FIG. 8 is a bottom, rear perspective view of the terminal
subassembly 900 during various stages of manufacture. During one
stage of manufacture (shown at the top of FIG. 8), the terminal
subassembly 900 is assembled such that the terminals 904 are held
together as a lead frame that is captured between the lower and
upper insulators 908, 910. A carrier 920 holds the terminals 904 as
part of the lead frame.
During manufacture, the carrier 920 is removed as well as one or
more connecting segments 922 between the terminals 904. For
example, the terminal subassembly 900 is shown in a second stage of
manufacture (shown at the left in FIG. 8), in which the carrier 920
and a plurality of the connecting segments 922 have been removed.
In the illustrated embodiment, the outermost pairs of terminals 904
are ganged together, while the inner terminals 904 are separated
from one another and from the outermost pairs of terminals 904.
The terminal subassembly 900 includes a front 990 and a rear 992.
The mating ends 914 of the terminals 904 are provided proximate to
the front 990. The terminating ends 912 of the terminals 904 are
provided proximate to the rear 992. The mating window 942 is
provided proximate to the front 990. The terminating window 940 is
provided proximate to the rear 992.
In an exemplary embodiment, the sealing interface 952 of the seal
950 surrounds the mating window 942. The sealing interface 952
defines a seal for the insulator 906 when mated with the mating
face 894 of the e-textile connector 710. In an exemplary
embodiment, the sealing interface 952 is angled such that the
sealing interface 952 is forward and downward facing.
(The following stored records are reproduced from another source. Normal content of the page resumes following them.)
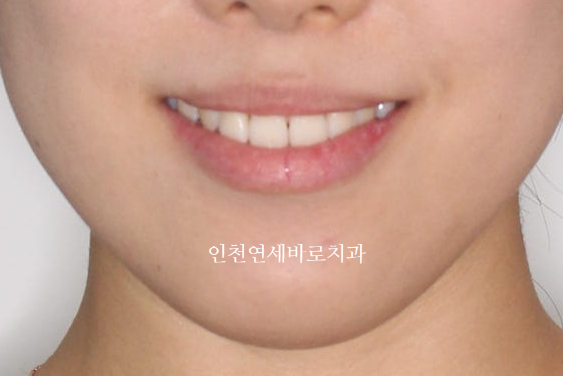 인비절라인 치료 중간에 클리피씨로 바꾼 (실패?) 첫번째 환자분 치료이야기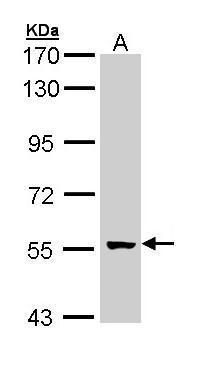 GCM2 antibody [N3C3]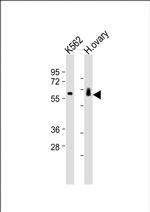 C17orf80 Antibody in Western Blot (WB)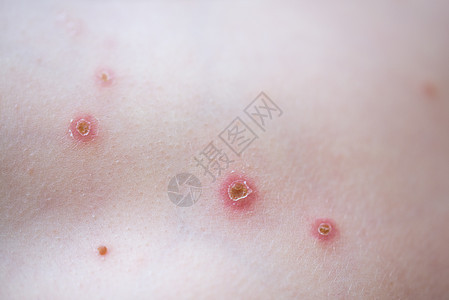 小孩身上长水痘粉刺躯干疾病疱疹感染孩子身体表皮麻疹发痒图片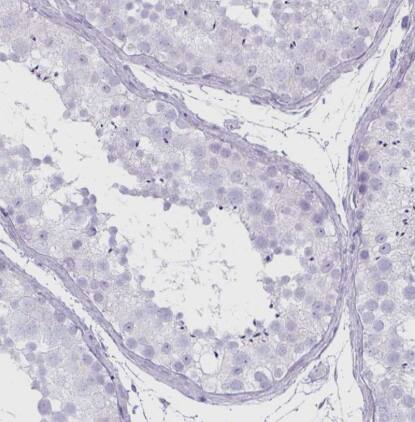 Immunohistochemistry-Paraffin: CLCA1 Antibody [NBP2-49060] - Staining of human testis shows no positivity in cells in seminiferous ducts as expected.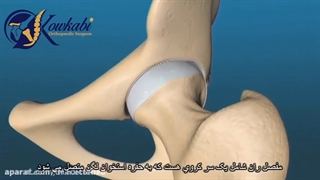 عمل جراحی تعویض مفصل لگن چگونه انجام می شود؟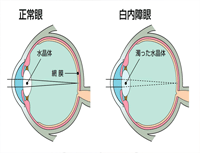 白内障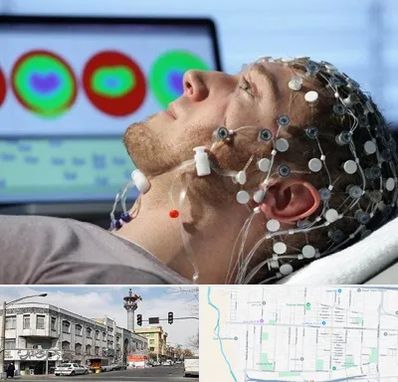 مرکز نوار مغز در 17شهریور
Optionally,
the sealing interface 952 may be angled at approximately a
10.degree. angle. The insulator 906 is thinner proximate the front
990 and thicker proximate the rear 992.
In an exemplary embodiment, a portion of the terminal backer 930
and the terminals 904 extend through the mating window 942 and the
opening 954 in the seal 950. The sealing interface 952 is angled
such that the forward portion of the sealing interface 952 is
positioned above the mating interfaces 916 of the terminals 904 and
the rear portion of the sealing interface 952 is positioned below
the mating interfaces 916 of the terminals 904. The terminal backer
930 and terminals 904 define a wipeable or cleanable surface
because they are exposed through the mating window 942 and the
opening 954. For example, a user may use their thumb or a cloth to
wipe across the terminals 904 to clear debris or dirt from the
terminals 904. The ribs 932 protect the terminals 904 during such
wiping action.
FIG. 9 illustrates the mating connector 712 in an assembled state.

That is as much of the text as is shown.